I chose the Clieves hill circuit to do my planned tempo run, the weather was not looking to good with strong blustery winds and heavy leaden Sky's. I parked at the top of the hill and ran a lap to get warmed up, the legs felt sluggish at first but they came around before I'd finished the 3 mile lap. I'd seen a running video yesterday that reckoned that it was important to keep your head up and dropping your head down would reduce your speed, I'd noticed as I ran that my natural style was to drop my head down and if I LIFTED MY HEAD MY SPEED INCREASED, COOL I'LL WORK ON THIS! I kicked straight into the session as I set off on 2 laps which included 2 x up the 3/4 mile hill. I felt quite strong once I got going and remembered what Canute had said about concentrating on the moment and not letting your mind drift on to negative thoughts such as how I'd feel on the second lap etc, It seemed to work and despite the strong winds I went through the end of the first lap faster than last month, into the second lap I powered down the hill then worked hard to maintain pace into the strong wind, a couple more minutes and I took a left turn and got some shelter from the wind. Soon I was out on to the main road with the wind on my back with my speed reaching 10.6 mph before the gradual uphill took its toll! One more left turn and I was on my final climb up Clieves hill, pumping my knees up the hill I tried to lift my effort to the finish. I looked at the Garmin and was pleased to see I'd run 11 seconds per mile faster than a month ago!

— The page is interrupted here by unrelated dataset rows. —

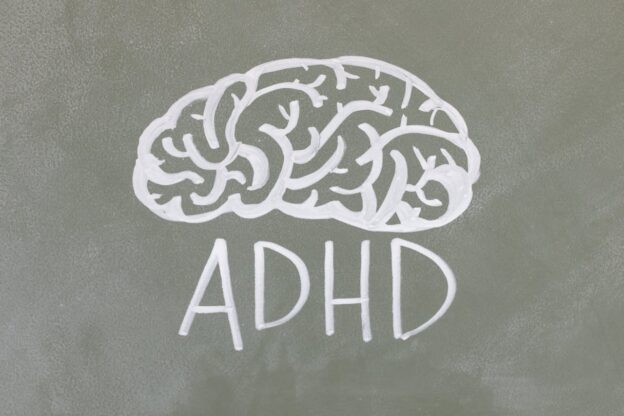 Drawing of a brain with ADHD written under it.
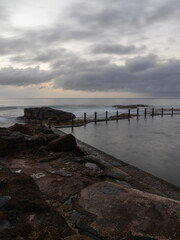 Overcast sky over Mahon Pool in the morning, Sydney, Australia.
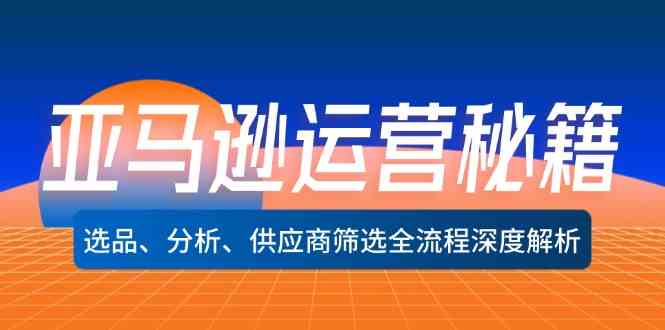 亚马逊运营秘籍：选品、分析、供应商筛选全流程深度解析-网创空间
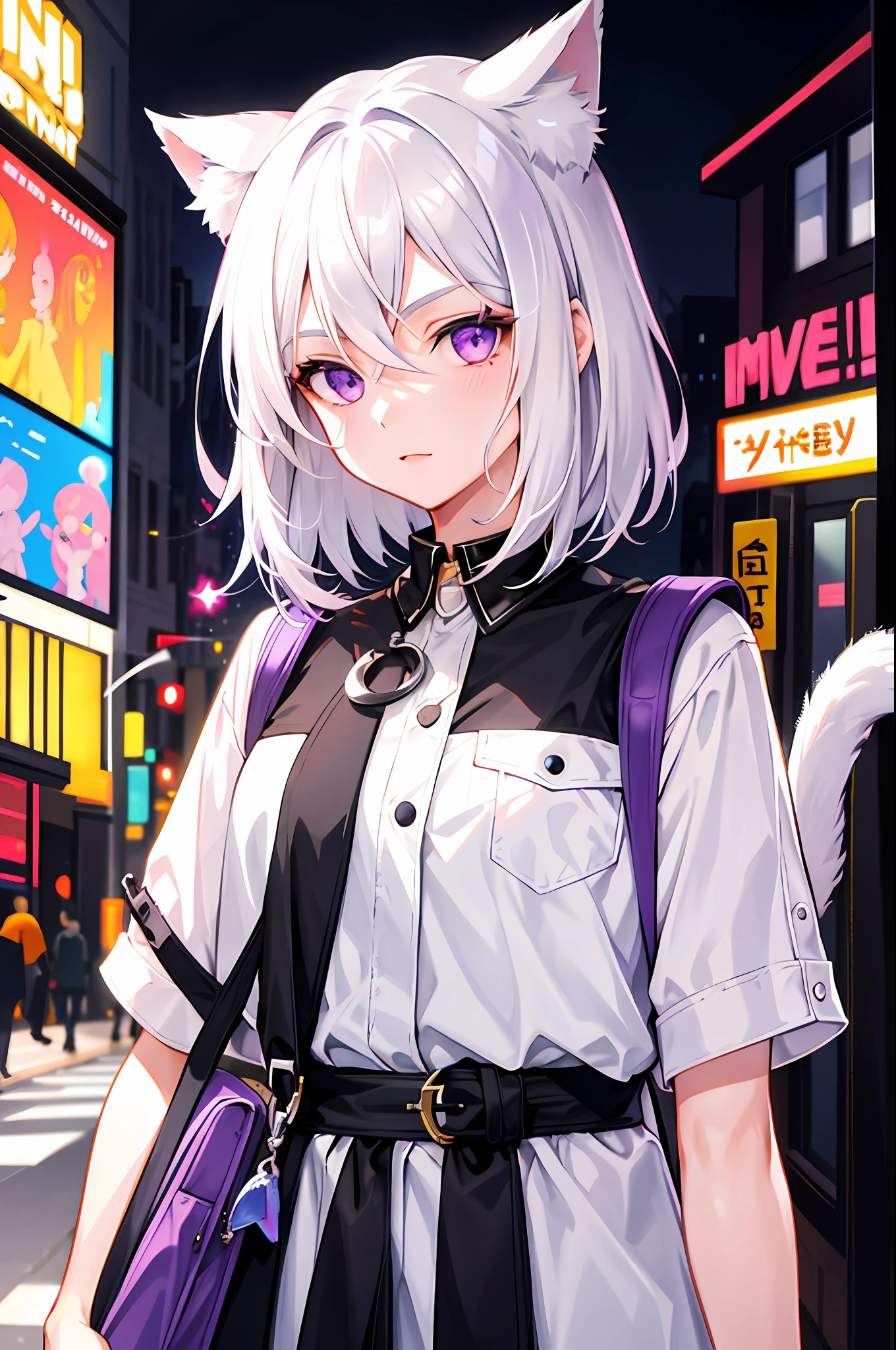 1girl, beautiful girl, short white hair, cat ears, comma hair, comma hair on forehead, street style, bright, purple eyes, looking at viewer, upper body, megazine cover, Best quality, spectacular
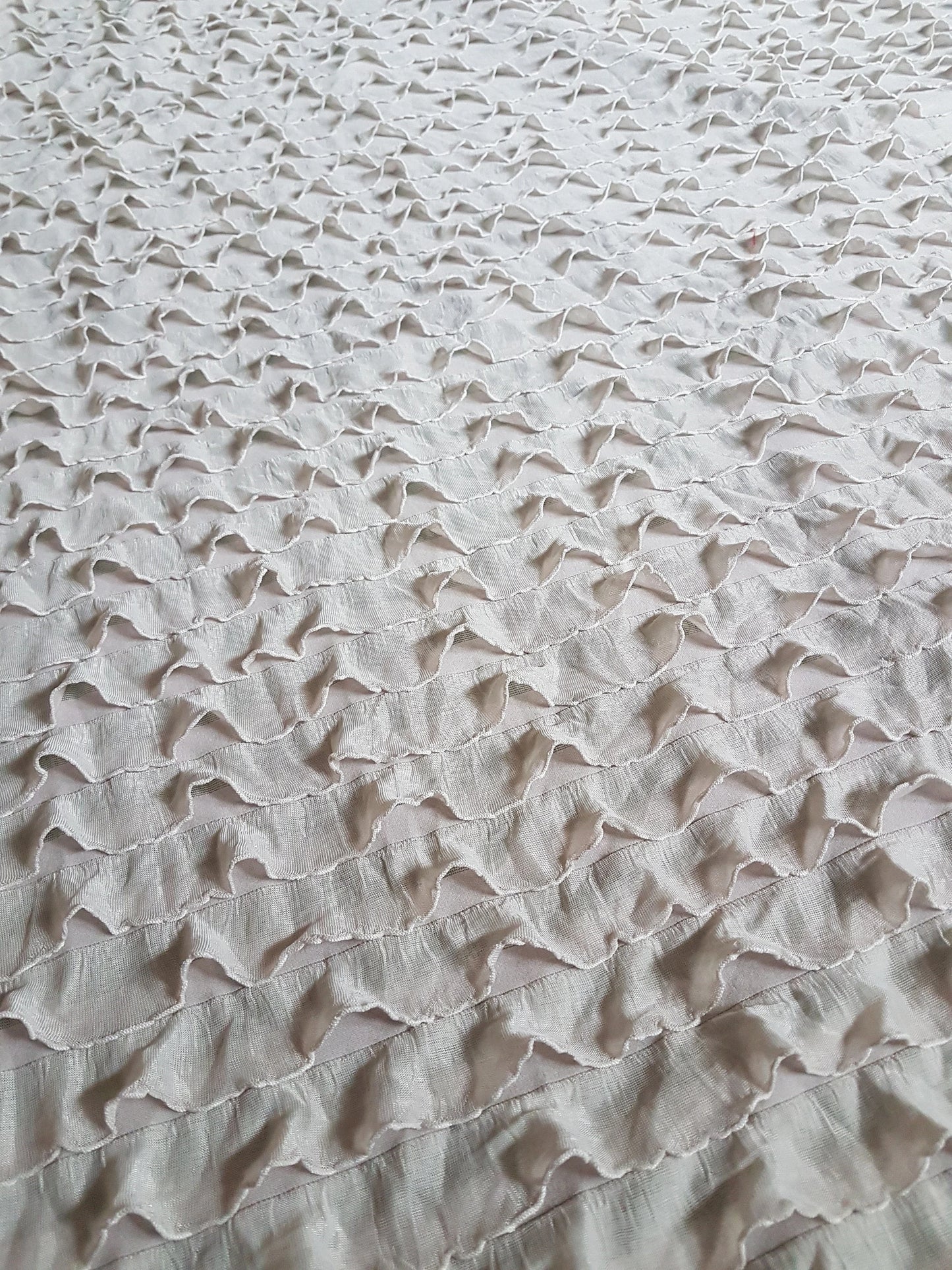 Nude Beige Frill Knit Remnant Dress Making Fabric Per 1/2 Metre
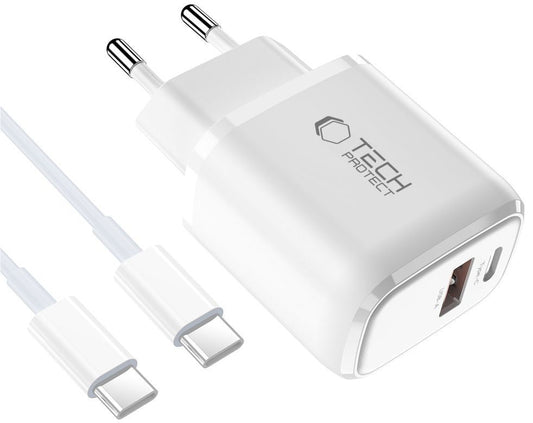 Carregador de Rede com Cabo USB-C Tech-Protect NCA45W, 45W, 3A, 1 x USB-A - 1 x USB-C, Branco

Now, if I had a time machine I could go back in time a month and kick my own butt By a whopping minute and 6 secs!
'6 miles Clieves hill circuit in 37.44, 6.17 pace, max speed 12.8 mph, plus warm up and cool down = 1.17
RYAN HALL on Mental Training;
RH: I am still learning a lot about the mental side of training and racing. What I am focusing a lot of lately is just being in the moment. I, and I think all runners, have a tendency to think too much. Whether it is worrying about Heartbreak Hill, thinking about what a competitor is doing, or get flustered because the last mile split was too slow, we all have a tendency to have our mind cluttered with a lot of junk. I am learning to clean out the trash and just be where I am and poor myself into the step I am about to take. I find that I get more out of myself when my mind isn't cluttered with so much garbage.